Fix Own, Bitches

Standard

So I switched over to IOP this week and it’s a better transition than I thought. Best news, I got switched over to Fix-own at dinners there. That means instead of not being able to pick what I have off the Jason’s Deli menu and getting a distorted portion to match my meal plan as well as having the add ons like a yogurt and fruit, I can pick anything I want off the menu. It’s Jason’s Deli, so it’s not like the most exciting and delicious step up from what I used to have but it’s a pretty big deal. You have to work your ass to get to that point and I have. I’ve earned it, too. As of today, I have been in treatment for six months. Six damn months I have endured almost every meal perfectly designed and proportioned by someone else so I think I have earned being able to decide. My symptom use is like 3% a week, my weights stable and I am compliant.

Sometimes I pretend that I am barely Anorexic and that I should get everything back because “I’m ready”. I mean, six months and all I get is a choice for dinner three times a week? I should be able to have a job, I should be able to work out, I should be able to pick the low cal option, right? There are so many “I should’s” in my vocabulary, but it’s just a list of expectations that were mentally designed to make me feel terrible because I am focusing on what I am not and not what I have done, which is a lot of hard work.

I don’t have all the things I want because whenever I think I am in one place, Anorexia has a great way of kicking my ass letting me know that I am still very mentally ill. I signed up for housing today and I asked my friend if I could get around not having a meal plan. He gave me the answer I knew was coming, which was a no. Luckily it was over text because he would’ve seen me cry at his answer. It’s been six months and the idea of eating day in and day out in a caf or with fast food around hundreds of strangers around pounds of pounds of food drives my mind insane. It’s been six months and I know that if I walked in there I would cry. All those victories I’ve had and I still have things that are too big for me to conquer. Not saying I can’t, but I have a lot of baby steps to go. 

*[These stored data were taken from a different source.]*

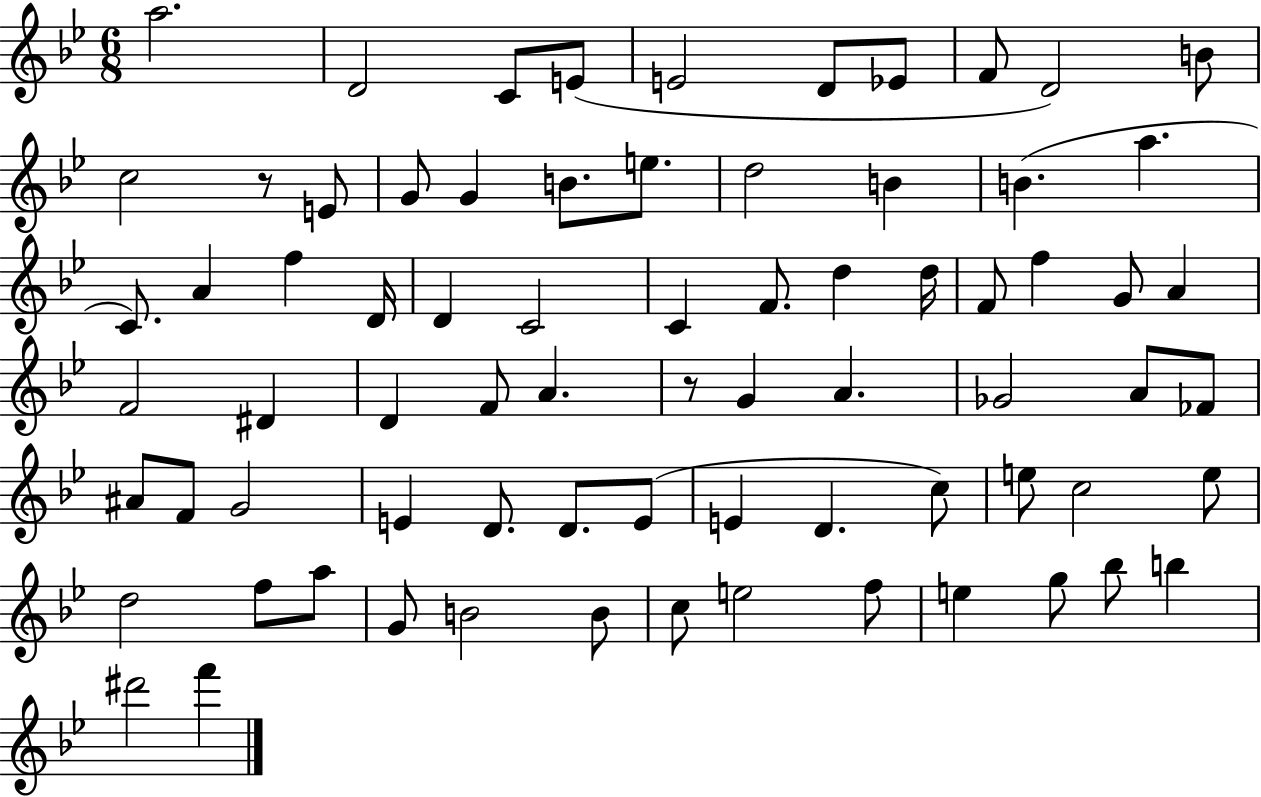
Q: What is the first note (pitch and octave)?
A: A5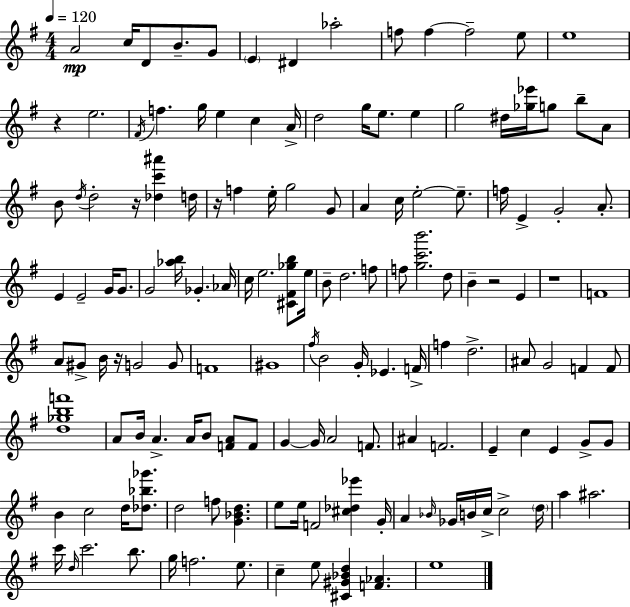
{
  \clef treble
  \numericTimeSignature
  \time 4/4
  \key g \major
  \tempo 4 = 120
  a'2\mp c''16 d'8 b'8.-- g'8 | \parenthesize e'4 dis'4 aes''2-. | f''8 f''4~~ f''2-- e''8 | e''1 | \break r4 e''2. | \acciaccatura { fis'16 } f''4. g''16 e''4 c''4 | a'16-> d''2 g''16 e''8. e''4 | g''2 dis''16 <ges'' ees'''>16 g''8 b''8-- a'8 | \break b'8 \acciaccatura { d''16 } d''2-. r16 <des'' c''' ais'''>4 | d''16 r16 f''4 e''16-. g''2 | g'8 a'4 c''16 e''2-.~~ e''8.-- | f''16 e'4-> g'2-. a'8.-. | \break e'4 e'2-- g'16 g'8. | g'2 <aes'' b''>16 ges'4.-. | aes'16 c''16 e''2. <cis' fis' ges'' b''>8 | e''16 b'8-- d''2. | \break f''8 f''8 <g'' c''' b'''>2. | d''8 b'4-- r2 e'4 | r1 | f'1 | \break a'8 gis'8-> b'16 r16 g'2 | g'8 f'1 | gis'1 | \acciaccatura { fis''16 } b'2 g'16-. ees'4. | \break f'16-> f''4 d''2.-> | ais'8 g'2 f'4 | f'8 <d'' ges'' b'' f'''>1 | a'8 b'16 a'4.-> a'16 b'8 <f' a'>8 | \break f'8 g'4~~ g'16 a'2 | f'8. ais'4 f'2. | e'4-- c''4 e'4 g'8-> | g'8 b'4 c''2 d''16 | \break <des'' bes'' ges'''>8. d''2 f''8 <g' bes' d''>4. | e''8 e''16 f'2 <cis'' des'' ees'''>4 | g'16-. a'4 \grace { bes'16 } ges'16 b'16 c''16-> c''2-> | \parenthesize d''16 a''4 ais''2. | \break c'''16 \grace { d''16 } c'''2. | b''8. g''16 f''2. | e''8. c''4-- e''8 <cis' gis' bes' d''>4 <f' aes'>4. | e''1 | \break \bar "|."
}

This is such a complex process. I feel as though so many people view eating disorders as a quick fix, people believed that I was sick but they think that I am better just because I “studied abroad” for 3 months. No, I am not better. I will never be 100% like everyone else when it comes to food, I am dealing with a disease here not a scratch with neosporin. I don’t have all the answers, I still have distorted fears that I have to challenge every single day. Yes, I do have tools, but that doesn’t always mean that I am going to use them. And I don’t say that out of defiance, if I could use all coping skills in all the situations, I would but in reality they don’t always work. In reality, sometimes my eating disorder feels better in the moment. I don’t act on behaviors on purpose, it’s my disorder. If it was a quick fix, I wouldve already done it, trust me. 

So Happy 6 month-aversary to Me! Yayyy treatment 

Image

 

2 responses »

  1. Keep going! All the shitty days will be worth it in the end! Sometimes it take for you to be out the other side of the disorder to realise that this is what is best at the moment.